Не успела за ним закрыться дверь, как Бовуа, и так уже распаленного, охватил, словно Мелеагра[61], свирепый огонь. Он стащил с моей матери нижнюю рубашку и назвал ее своей Венерой, уложил Каролину, с силой задрал ей юбку и исподнее, себя назвал Юпитером, а обнаженную Линхен - Гебой, и набросился на нее так же яростно, как некогда Эццелино набросился на Бьянку делла Порта[62]. Впрочем, не успел он и коснуться своим утешителем небесных врат, как тотчас же свалился, будто куль и... уснул.
– Скорей, Каролина, сюда! Снимай с него штаны!

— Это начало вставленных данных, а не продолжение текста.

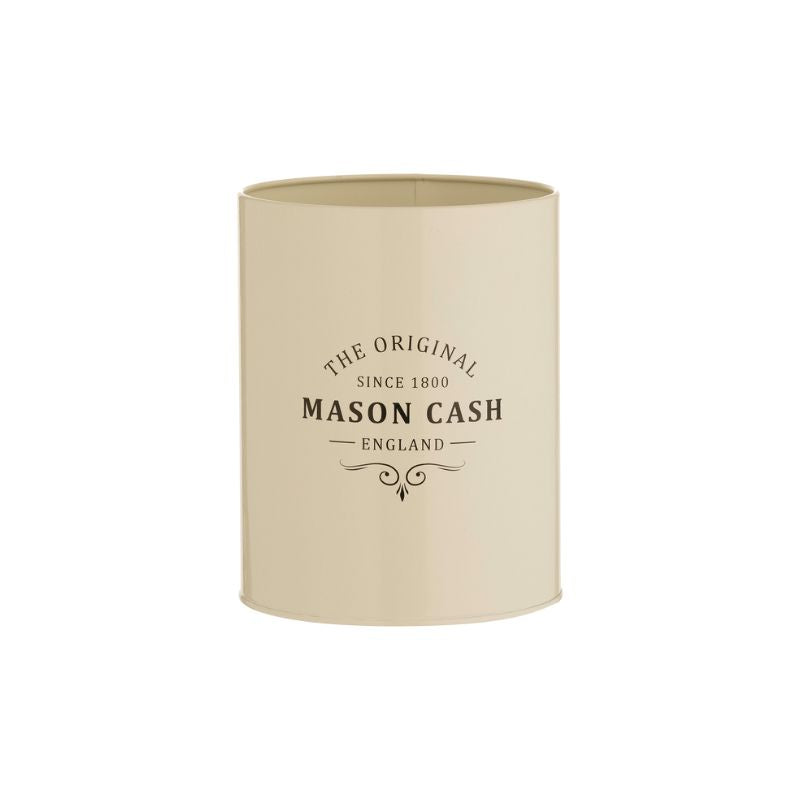 Mason Cash Heritage Utensil Pot 2.3L in cream coated steel with heritage branding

Каролина повиновалась; Бовуа был просто вылитый царь Приам[63] из «Энеиды» Блюмауэра[64]; его перенесли на кровать, раздели, и, пока он лежал перед ними, будто первый человек перед своим Творцом, Каролина по велению моей матери взяла в руку и крепко сжала его утешитель, ставший почти незаметным. Мать достала острые ножницы, натянула крайнюю плоть преступного члена над головкой и одним махом отрезала ее от места, на котором та находилась целых тридцать два года. Опиум действовал сильно - Бовуа даже не проснулся, он лишь вздрагивал во сне: ужасная боль добралась до скованной наркотиком души; женщины изгнали эту боль с помощью целебного бальзама.